*Listed records*
☆ ☆ ☆ ☆ ☆

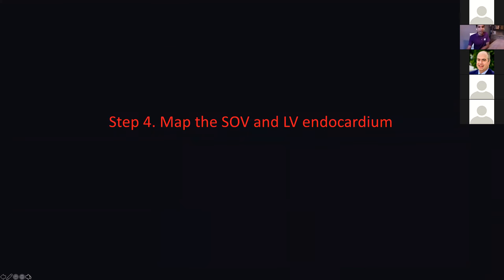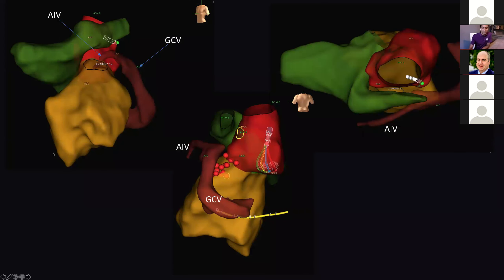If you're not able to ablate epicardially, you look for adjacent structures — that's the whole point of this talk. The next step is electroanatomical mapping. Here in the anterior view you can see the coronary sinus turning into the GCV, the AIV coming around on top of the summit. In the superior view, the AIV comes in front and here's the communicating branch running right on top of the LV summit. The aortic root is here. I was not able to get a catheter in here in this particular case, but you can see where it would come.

☆ ☆ ☆ ☆ ☆

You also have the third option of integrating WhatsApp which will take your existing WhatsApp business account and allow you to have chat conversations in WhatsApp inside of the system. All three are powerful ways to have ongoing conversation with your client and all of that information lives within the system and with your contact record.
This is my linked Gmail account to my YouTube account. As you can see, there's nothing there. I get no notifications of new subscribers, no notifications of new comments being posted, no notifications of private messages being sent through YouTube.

☆ ☆ ☆ ☆ ☆

*What you need to do*
From the records above, transcribe exactly the run of lines that opens with the line holding "You also have" and closes with the line holding "This is my linked", both included.

*Answer below*
You also have the third option of integrating WhatsApp which will take your existing WhatsApp business account and allow you to have chat conversations in WhatsApp inside of the system. All three are powerful ways to have ongoing conversation with your client and all of that information lives within the system and with your contact record.
This is my linked Gmail account to my YouTube account. As you can see, there's nothing there. I get no notifications of new subscribers, no notifications of new comments being posted, no notifications of private messages being sent through YouTube.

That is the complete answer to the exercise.